Add-ons are just as their name suggests, add-ons to Google Docs, Sheets, and Forms which add additional capabilities to Google Apps. Watch the quick tutorial video on the right to see how easy it is to find, add, and use Add-ons.
In this post, I will share a few of my favourite and some other popular Add-ons for Docs, Forms and Sheets.
The Bibliography Creator by EasyBib allows you to easily create a bibliography that is alphabetized and added to the end of a paper. Simply choose book, journal article, or website, enter the title or URL, choose your citation style (MLA, APA, Chicago, Harvard…) and select your source from the search results. When you're finished, Click Add Bibliography to Doc and your citations will be alphabetized and added to the end of your paper.
Choice Eliminator will eliminate options from a multiple-choice, list, or checkbox type of question. It is a great tool to use for any type of sign up whether it be for time slots or having students choose topics without doubling up.
Appends Google Form question responses to the bottom of selected Google Docs. In other words, it organizes the responses of a Google Form into one Google Doc. Form responses can be organized as a bulleted list, separate vertical tables, or new rows in a single horizontal table, they can be timestamped and can include username if needed.

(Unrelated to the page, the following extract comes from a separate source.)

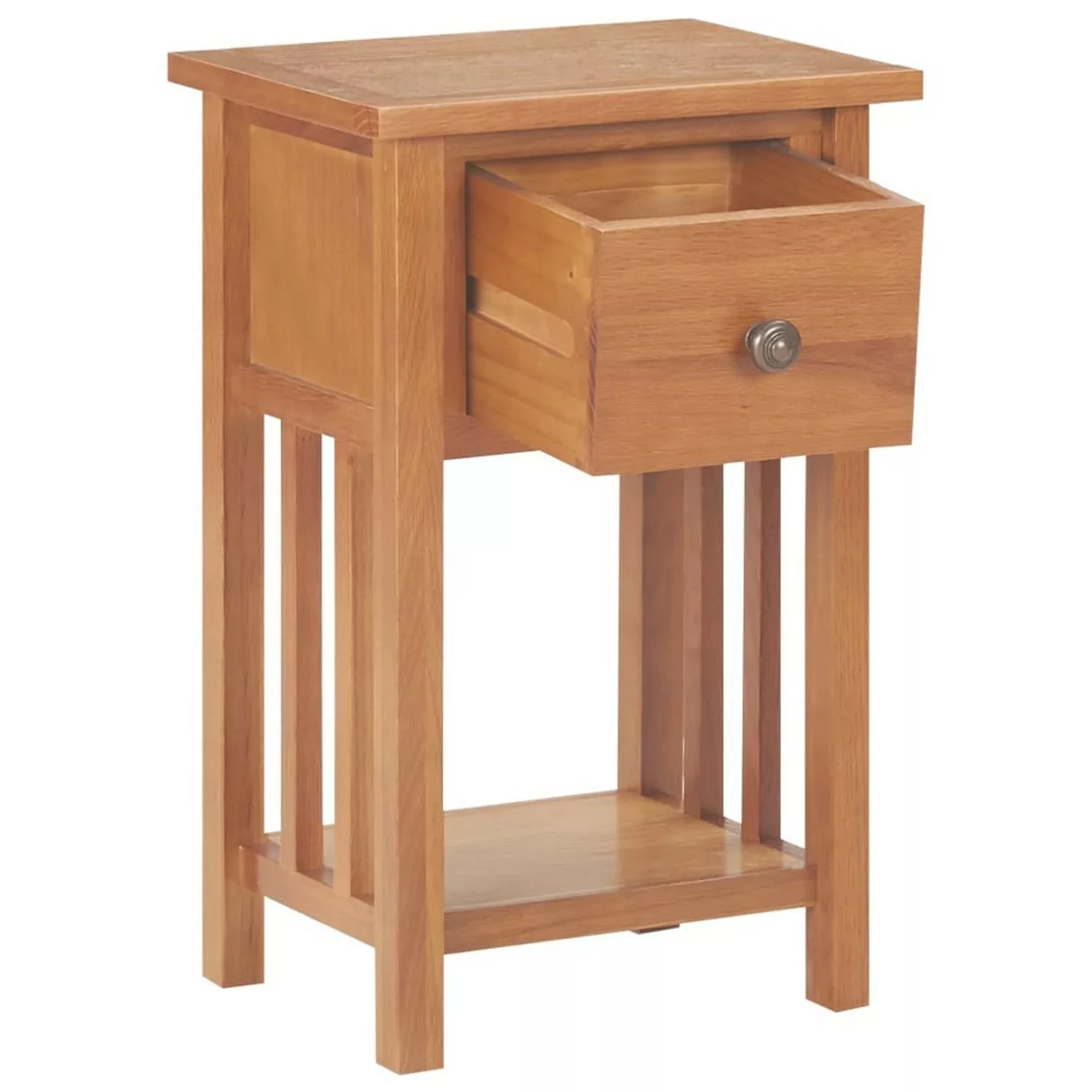 vidaXL Zeitungstisch mit Schublade 35x27x55 cm Massivholz Eiche günstig online kaufen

Use to update and keep a daily agenda of class activities.
I have a Google Doc for each course I teach and use a simple form that asks for the course, date, lesson topic, and lesson description/assignment. It takes less than a minute for me to complete the form and then DocAppender takes that information and populates the appropriate Google Doc which is shared on my website. My daily agenda is now available for everyone to see! See it HERE!
Keep a Google Doc per student where you log a running record of observations around a particular skill, like reading or numeracy.
Great for peer review protocols on student Docs that you have editing rights on. Give all students the link to your form and their peer assessments will all paste into the bottom of the selected student doc
Flippity is a series of web apps that easily and quickly turn Google Sheets into a variety of useful tools.
For example you can create:
Online Flashcards
Quiz Show (Jeopardy Like).
Hangman, MadLibs, Crosswords, Bingo...
One of my favourite features is the ability to create random student groups using the Random Name Picker.
Doctopus gives teachers the ability to mass-copy (from a starter template), share, monitor student progress, and manage grading and feedback for student projects in Google Drive.
Its tentacles copy and "hand out" Drive files to a roster of students, giving teachers full control over starter template, sharing configuration, folder organization and file naming, as well as visibility over all work in progress -- including the ability to bulk revoke and revert student editing rights around submission deadlines, as well the ability to fetch word, revision, and comment counts on all student files.
If you use Google Forms for assessment Flubaroo is the best add-on to Google Forms/Sheets (I like it even better than than the Forms Quiz setting). Flubaroo lets you quickly grade and analyze student performance on multiple choice and fill-in assignments.
By running Flubaroo you'll be able to:
Get scores for each student, and identify students in need of extra help.
View average score, and a histogram of scores.
Quickly identify questions which a majority of the students missed.
Share scores with students via email or Google Drive, along with optional notes to the class and/or to each student.
Assign your own score to open-ended questions.